# Hello... Again



## dubljay (Dec 30, 2011)

Just thought I would say hello to everyone. After an extended hiatus of roughly 5-6 years I thought I would return and see whats new.


-Josh


----------



## Bob Hubbard (Dec 30, 2011)

Welcome back.   New...new....umm....we restocked the peanuts in the bar.


----------



## dubljay (Dec 30, 2011)

Thanks Bob. 

It's good to see how much it's grown in the time I've been gone. Certainly looks new and shiny. I'll have to mosey on into the bar and buy a round for those there.


----------



## terry_gardener (Dec 31, 2011)

i have also returned after many years away.

welcome to martial talk.


----------



## MJS (Dec 31, 2011)

Welcome back!


----------



## seasoned (Dec 31, 2011)

Welcome back. With a 2004 join date it makes me look like a kid.  Anyway we are glad you checked in and hope you stay around for awhile.


----------



## seasoned (Dec 31, 2011)

terry_gardener said:


> i have also returned after many years away.
> 
> welcome to martial talk.


Also good to see you back terry.


----------



## Steve (Dec 31, 2011)

Welcome back!  Are you guys still training?


----------



## dubljay (Dec 31, 2011)

Steve said:


> Welcome back!  Are you guys still training?

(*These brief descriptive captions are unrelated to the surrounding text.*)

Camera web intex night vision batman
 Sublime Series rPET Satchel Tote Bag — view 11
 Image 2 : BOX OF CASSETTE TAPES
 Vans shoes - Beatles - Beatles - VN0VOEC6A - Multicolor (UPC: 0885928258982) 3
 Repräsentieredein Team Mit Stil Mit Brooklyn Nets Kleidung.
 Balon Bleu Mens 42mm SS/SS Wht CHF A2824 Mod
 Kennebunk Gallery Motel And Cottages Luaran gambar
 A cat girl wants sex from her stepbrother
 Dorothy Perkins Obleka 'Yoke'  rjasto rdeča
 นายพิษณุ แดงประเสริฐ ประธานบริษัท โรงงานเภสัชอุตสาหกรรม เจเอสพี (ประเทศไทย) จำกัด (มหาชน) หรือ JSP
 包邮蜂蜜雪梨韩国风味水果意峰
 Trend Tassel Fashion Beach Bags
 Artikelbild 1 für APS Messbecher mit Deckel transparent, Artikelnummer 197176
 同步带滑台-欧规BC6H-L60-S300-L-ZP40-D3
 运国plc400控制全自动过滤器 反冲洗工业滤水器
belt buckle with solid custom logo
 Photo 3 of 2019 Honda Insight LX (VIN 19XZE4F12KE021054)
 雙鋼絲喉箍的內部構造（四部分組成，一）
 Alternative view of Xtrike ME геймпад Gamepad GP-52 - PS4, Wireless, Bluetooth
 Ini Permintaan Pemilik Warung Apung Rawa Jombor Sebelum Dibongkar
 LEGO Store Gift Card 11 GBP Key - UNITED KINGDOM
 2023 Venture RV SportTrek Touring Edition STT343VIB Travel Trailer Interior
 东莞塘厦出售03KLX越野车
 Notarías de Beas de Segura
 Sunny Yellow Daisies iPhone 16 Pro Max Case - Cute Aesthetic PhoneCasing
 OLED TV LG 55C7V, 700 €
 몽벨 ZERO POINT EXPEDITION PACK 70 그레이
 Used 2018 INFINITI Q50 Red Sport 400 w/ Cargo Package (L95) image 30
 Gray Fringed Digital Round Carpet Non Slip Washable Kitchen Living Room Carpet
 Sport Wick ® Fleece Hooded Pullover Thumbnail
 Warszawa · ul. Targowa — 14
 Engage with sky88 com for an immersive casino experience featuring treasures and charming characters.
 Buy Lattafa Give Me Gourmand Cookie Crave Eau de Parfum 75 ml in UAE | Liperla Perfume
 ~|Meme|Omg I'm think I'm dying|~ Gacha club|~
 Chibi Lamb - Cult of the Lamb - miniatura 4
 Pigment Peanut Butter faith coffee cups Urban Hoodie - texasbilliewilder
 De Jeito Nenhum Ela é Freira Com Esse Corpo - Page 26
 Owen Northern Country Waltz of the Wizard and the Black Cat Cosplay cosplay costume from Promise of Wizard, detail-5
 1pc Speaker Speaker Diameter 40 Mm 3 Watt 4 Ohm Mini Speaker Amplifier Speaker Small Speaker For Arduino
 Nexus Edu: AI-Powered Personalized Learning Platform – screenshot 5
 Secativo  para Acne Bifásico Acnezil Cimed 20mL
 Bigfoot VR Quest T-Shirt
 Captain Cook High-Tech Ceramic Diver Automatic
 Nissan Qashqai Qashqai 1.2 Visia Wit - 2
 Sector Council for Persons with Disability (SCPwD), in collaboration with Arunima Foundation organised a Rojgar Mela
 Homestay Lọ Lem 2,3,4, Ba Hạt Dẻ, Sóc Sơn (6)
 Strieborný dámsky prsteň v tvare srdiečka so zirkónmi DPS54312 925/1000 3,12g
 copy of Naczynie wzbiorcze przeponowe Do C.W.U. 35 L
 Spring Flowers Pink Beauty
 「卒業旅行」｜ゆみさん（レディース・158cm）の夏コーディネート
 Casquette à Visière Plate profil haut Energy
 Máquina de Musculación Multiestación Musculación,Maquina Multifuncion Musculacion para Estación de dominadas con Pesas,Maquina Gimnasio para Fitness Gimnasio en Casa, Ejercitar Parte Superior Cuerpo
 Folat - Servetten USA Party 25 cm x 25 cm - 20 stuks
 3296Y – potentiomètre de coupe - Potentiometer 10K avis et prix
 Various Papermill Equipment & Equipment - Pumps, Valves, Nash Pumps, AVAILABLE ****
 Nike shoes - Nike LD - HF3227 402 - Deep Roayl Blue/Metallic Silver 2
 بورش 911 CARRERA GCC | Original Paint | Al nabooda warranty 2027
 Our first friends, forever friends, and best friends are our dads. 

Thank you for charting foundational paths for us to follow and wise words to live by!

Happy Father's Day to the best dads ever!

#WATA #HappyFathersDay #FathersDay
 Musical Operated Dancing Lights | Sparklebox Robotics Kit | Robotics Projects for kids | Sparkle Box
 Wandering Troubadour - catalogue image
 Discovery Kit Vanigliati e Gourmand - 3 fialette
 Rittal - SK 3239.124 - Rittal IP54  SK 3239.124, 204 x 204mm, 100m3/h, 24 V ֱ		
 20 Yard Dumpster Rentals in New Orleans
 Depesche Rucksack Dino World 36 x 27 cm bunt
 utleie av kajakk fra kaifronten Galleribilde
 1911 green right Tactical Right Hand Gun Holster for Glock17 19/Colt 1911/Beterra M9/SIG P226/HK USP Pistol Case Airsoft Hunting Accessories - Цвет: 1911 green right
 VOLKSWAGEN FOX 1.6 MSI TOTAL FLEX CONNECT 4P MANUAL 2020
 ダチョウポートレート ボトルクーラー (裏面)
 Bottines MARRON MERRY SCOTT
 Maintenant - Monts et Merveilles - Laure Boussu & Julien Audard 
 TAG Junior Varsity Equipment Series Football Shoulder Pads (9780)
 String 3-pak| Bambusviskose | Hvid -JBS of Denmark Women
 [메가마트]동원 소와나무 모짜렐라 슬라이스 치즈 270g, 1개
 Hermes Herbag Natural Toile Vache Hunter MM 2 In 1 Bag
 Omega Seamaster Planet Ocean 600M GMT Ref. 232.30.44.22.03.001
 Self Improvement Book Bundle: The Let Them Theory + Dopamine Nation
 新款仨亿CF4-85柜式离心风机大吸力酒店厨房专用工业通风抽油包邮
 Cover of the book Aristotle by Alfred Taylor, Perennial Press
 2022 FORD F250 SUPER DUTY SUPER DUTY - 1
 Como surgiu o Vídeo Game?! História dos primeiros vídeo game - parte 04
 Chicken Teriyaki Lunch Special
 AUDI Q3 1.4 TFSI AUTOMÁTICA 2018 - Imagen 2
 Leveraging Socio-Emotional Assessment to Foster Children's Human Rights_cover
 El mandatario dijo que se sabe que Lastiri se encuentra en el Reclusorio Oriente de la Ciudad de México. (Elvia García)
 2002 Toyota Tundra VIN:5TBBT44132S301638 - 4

Thank you, and everyone for the warm welcome. Sadly I'm not training. Which is a large part why I have returned. I'm hoping that being hear and reading/posting about the arts will encourage me to get off my expanding backside and get back in the game.


----------



## Smoke (Dec 31, 2011)

I'm coming back as well. I didn't have a great many posts but I've decided to give things another go.


----------



## shesulsa (Jan 2, 2012)

Welcome back, y'all!


----------



## Yondanchris (Jan 3, 2012)

Welcome back to the new and hopefully improved MT!


----------



## OKenpo942 (Jan 8, 2012)

Welcome back to MT.


----------